My new listening room is immense -- 20' wide by 29' long, with a 10' ceiling -- which gives many options for setting up speakers. Couple this with the TSM-MM's modest stature, even on stands, and it's easy for the speakers to look lost in my listening space. However, the TSM-MMs responded in resounding fashion, sounding bigger than any earlier iteration and as large as some of the floorstanding speakers I've reviewed in this same room. This surprised me. Like the various Merlin VSMs I've heard at shows, the TSMs have always disappeared with ease, but they were never particularly room-filling. The TSM-MMs are different. They cast a soundstage that belies their size -- one that's big and vibrant, the antithesis of the petite, dainty sonic picture that so many other minimonitors conjure. Close your eyes and you'll swear that the TSM-MM's cabinet extends to the floor.
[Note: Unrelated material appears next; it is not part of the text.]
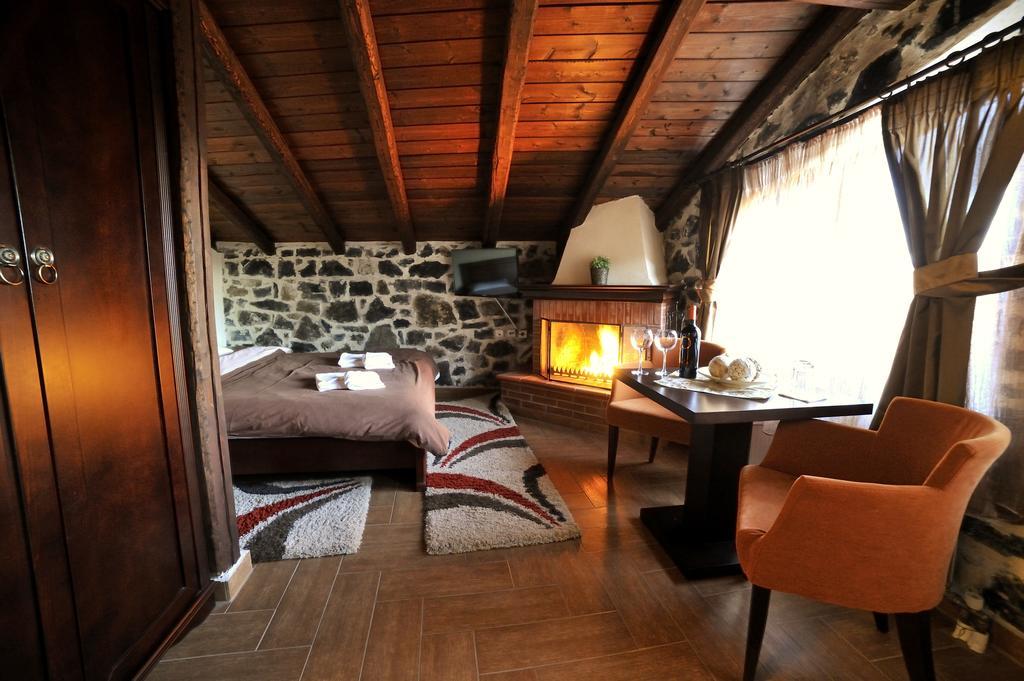 Guesthouse Papastoikou Agios Athanasios  Dış mekan fotoğraf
This isn't so much a product of bass depth and weight -- both of which are satisfying -- but rather the way the sound spreads throughout the room. Bobby Palkovic attributes it to the TSM-MM's "power response," which is another name for what we call the "listening window" in our measurements: five frequency-response measurements (on-axis, 15 degrees left and right off-axis, 15 degrees up and down off-axis) that are averaged. Our take: "This measurement is especially useful because it allows for small variations in the listening position and ear height and can be a more useful determinant of real-world listening than the standard on-axis measurement." No matter the explanation, the TSM-MMs are capable of portraying a very wide scale of music convincingly -- from the extreme intimacy of R.L. Burnside's First Recordings [Mobile Fidelity UDSACD 2026] to the bombast of my favorite recording of Carmina Burana by Robert Shaw and the Atlanta Symphony Orchestra [Telarc CD-80056]. The big Wilson Audio speakers do it, and it's an especially noteworthy feat for a small two-way like the TSM-MM.
Merlin speakers have always been high-resolution designs that unravel music with ease. With earlier versions of the TSM, this could lead to crisp high frequencies that were unforgiving with the wrong ancillary equipment (often any components that didn't use tubes). I don't know if the 0.75dB reduction in the high-frequency circuit's noise is responsible, but the TSM-MM's treble is a little more relaxed and in better alignment with the midrange and bass. Because of this, resolution seems greater, as musical elements have more true-to-life contrast. Play some music with lots of high-frequency energy, like Buddy Guy's Blues Singer [Silvertone 01241], and be ready to hear it portrayed with unexaggerated speed and presence. This quality aids ambience-rich recordings, too, such as any of Mobile Fidelity's Patricia Barber SACDs. The TSM-MMs are SACD ready; they easily communicate the unique high-frequency elegance of very good SACDs.
The sound of past versions of the TSM has always displayed a high level of precision -- rather like that of the studio monitors on which the speakers were initially modeled. However, the TSM-MM sounds to my ears like a significant step forward for this speaker -- toward greater completeness and balance. Doug Schneider has reviewed more minimonitors than all SoundStage! writers combined, so he's the person who could determine where the TSM-MM fits in the current hierarchy. As for me, I can say that the TSM-MM is a superb speaker no matter its size, and it makes me wonder what heights the latest Merlin VSM reaches.